Maar werkt het? Ik vraag het me af. Getallen zijn plooibaar, manipuleerbaar, te delen en te vermenigvuldigen. Ze zijn bitter nodig om te weten dat het niet om incidenten gaat, dat we een groot en serieus probleem hebben. En gelijktijdig zegt het geen donder. Getallen hebben immers geen buikpijn. Getallen kruipen niet weg. Getallen gillen het niet uit. Getallen amuseren zich evenmin. Daarom is het beter om nog eens mijn blog van 9 januari over Suzy te lezen.

7 februari 2014

It's not you


"Als je de kinderen niet slaat, vinden ze je geen goede leraar". Aan zo'n kop kan ik niet voorbij. En het is een beetje saai, maar ook deze keer komt de inspiratie voor mijn blog uit Het Parool. Een column van Johan Goossens die zijn klas vertelt over zijn ervaringen als leraar in een dorpsschooltje in Ghana. Waar hij, opgehitst door moeders, op een dag een kindje slaat. Een achtjarig klasgenootje komt 's avonds verhaal halen om te eindigen met de woorden: "Don't do that again. It's not you".

It's not you gaat over iemand die het verschil maakt in een omgeving waar slaan een ritueel van orde handhaven is. Slaan op school is in Nederland ondenkbaar, al zullen er vast nog mensen zijn die zich een draai om de oren of een klap met een liniaal kunnen herinneren. In mijn zuidelijke dorp had een onderwijzer van de toenmalige jongensschool zelfs de bijnaam 'De Kuul' (ofwel: de stok). Probeer die uit op een kind en binnen de kortste keren staan heel wat anderen voor je deur om verhaal te halen.

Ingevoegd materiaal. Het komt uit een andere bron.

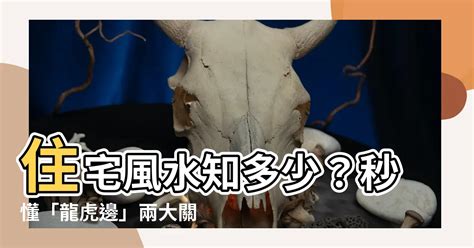 客廳龍虎邊|【住宅龍虎邊】住宅風水知多少？秒懂「龍虎邊」兩大。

Ik bedoel maar. It's not you gaat over breken met gewoonten, tegen de stroom in. Geweldloos opvoeden, zoals we dat tegenwoordig zeggen, is niet altijd de norm geweest en is dat nog steeds niet overal, of het nu is uit onmacht, uit kwade wil, uit pedagogische of religieuze overtuiging. Of omdat je niet anders gewend bent.

Hoe moet je als kind weten wat normaal is, als het van tijd tot tijd stormt in huis? Dan storm het immers in huis, omdat het stormt. Zoals het buiten regent, omdat het regent. Als het regent trek je regenlaarzen aan of je neemt een paraplu mee. En als het thuis stormt zoek je dekking onder een dikke deken of luw je de boel met een grap. Of je wordt deel van de storm. En op een dag blijk je zelf degene die de stok pakt of langs de lijn staat te roepen: 'Sla dan, sla dan.'

Transgenerationele overdracht van geweld is een gangbaar begrip dat voor dit fenomeen is uitgevonden. En dat we zo graag willen stoppen. Het valt alleen niet collectief af te dwingen, zoals bij slaan op school. Dat het niet zo hoort moet al jong een plaats gaan krijgen tussen alle andere boodschappen, tegen de stroom in. Zodat kinderen uit dat stormende huis vroeger of later kunnen besluiten It's not me.